WHAT YOU ARE ASKED TO DO ->
Send each entry back exactly as given, pictures excluded.

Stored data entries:
☆ ☆ ☆ ☆
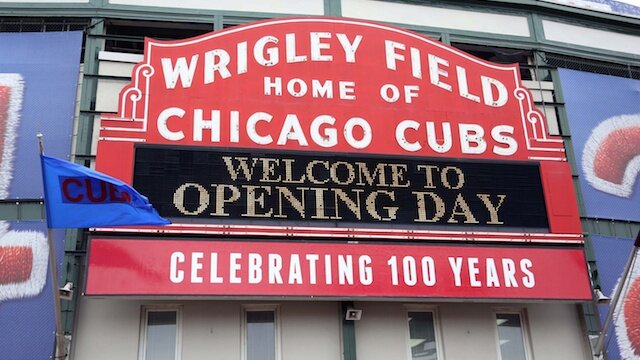 Wrigley Field Chicago Cubs Opening Day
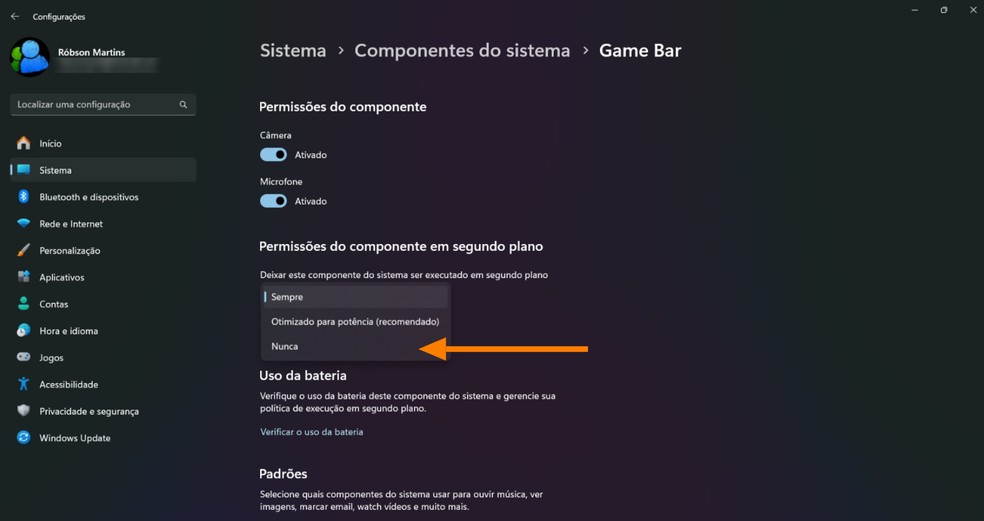  Reprodução/Róbson Martins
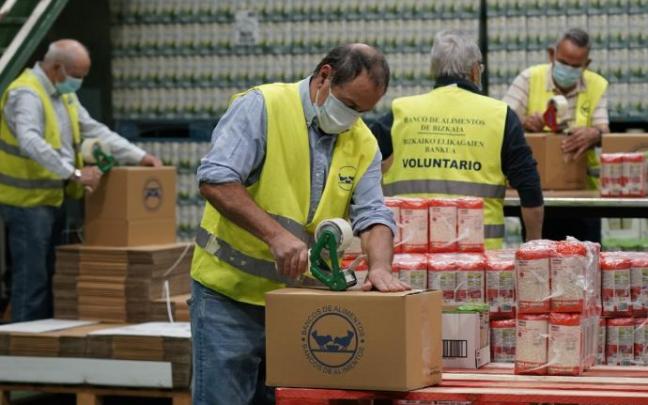 LA Gran Recogida del Banco de Alimentos de Bizkaia volverá a ser mediante bono-alimentos y transferencias bancarias LA Gran Recogida del Banco de Alimentos de Bizkaia volverá a ser mediante bono-alimentos y transferencias bancarias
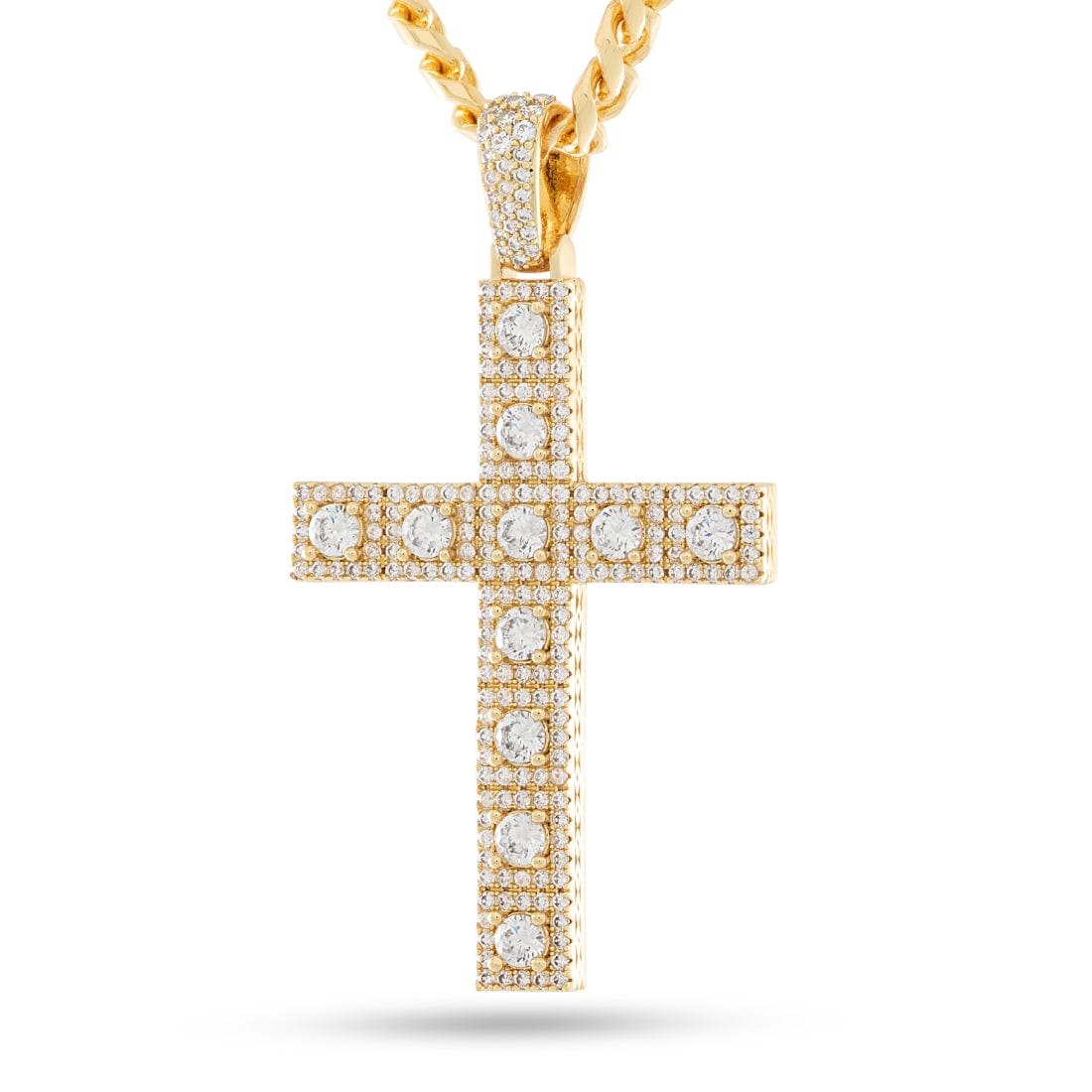Cross of Centrality Necklace  in  14K Gold by Kingices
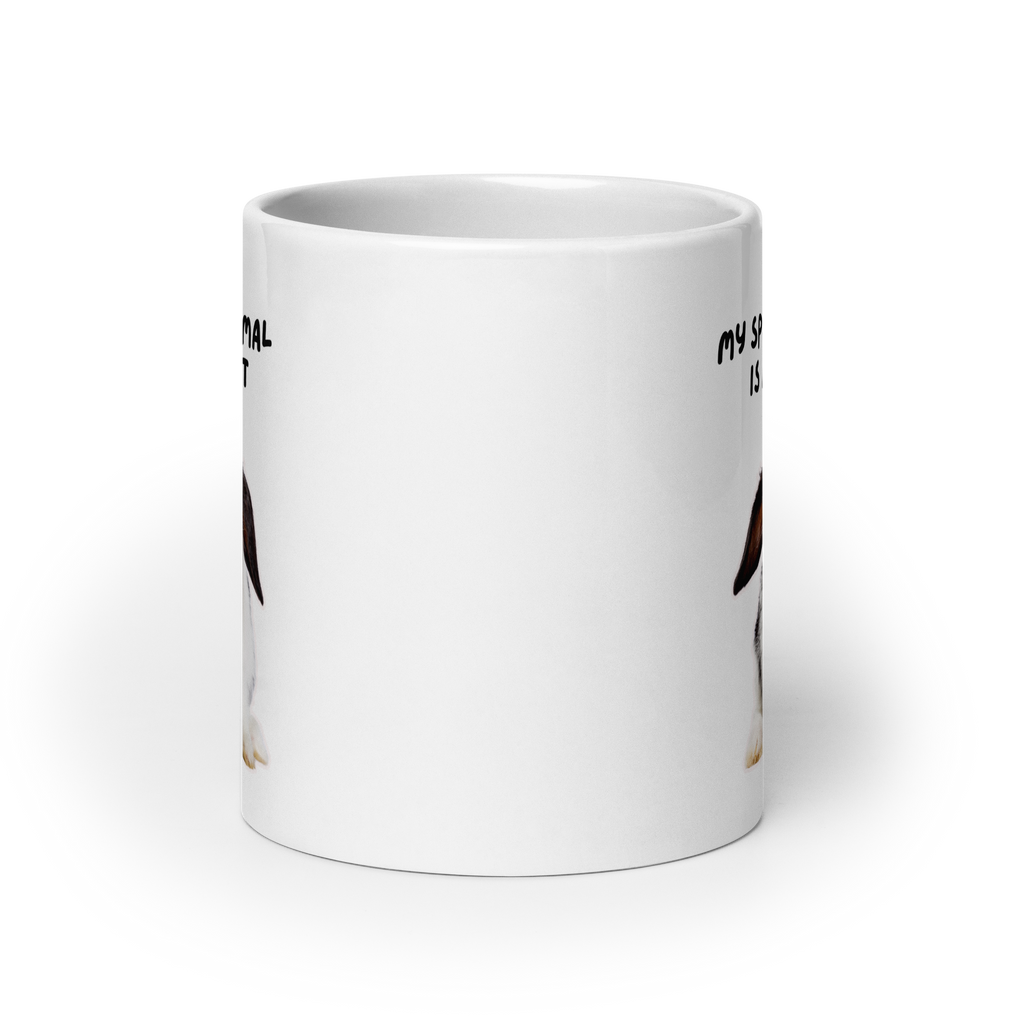 My Spirit Animal Is A Rabbit | White Glossy Mug | The Neurospicy Store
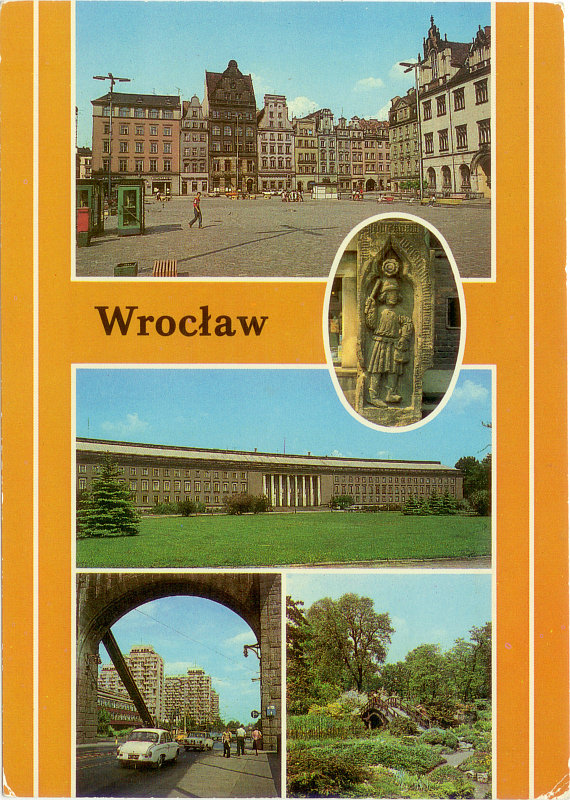 Wrocław pocztówka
☆ ☆ ☆ ☆
COMPLETED TASK ->
 Wrigley Field Chicago Cubs Opening Day
  Reprodução/Róbson Martins
 LA Gran Recogida del Banco de Alimentos de Bizkaia volverá a ser mediante bono-alimentos y transferencias bancarias LA Gran Recogida del Banco de Alimentos de Bizkaia volverá a ser mediante bono-alimentos y transferencias bancarias
Cross of Centrality Necklace  in  14K Gold by Kingices
 My Spirit Animal Is A Rabbit | White Glossy Mug | The Neurospicy Store
 Wrocław pocztówka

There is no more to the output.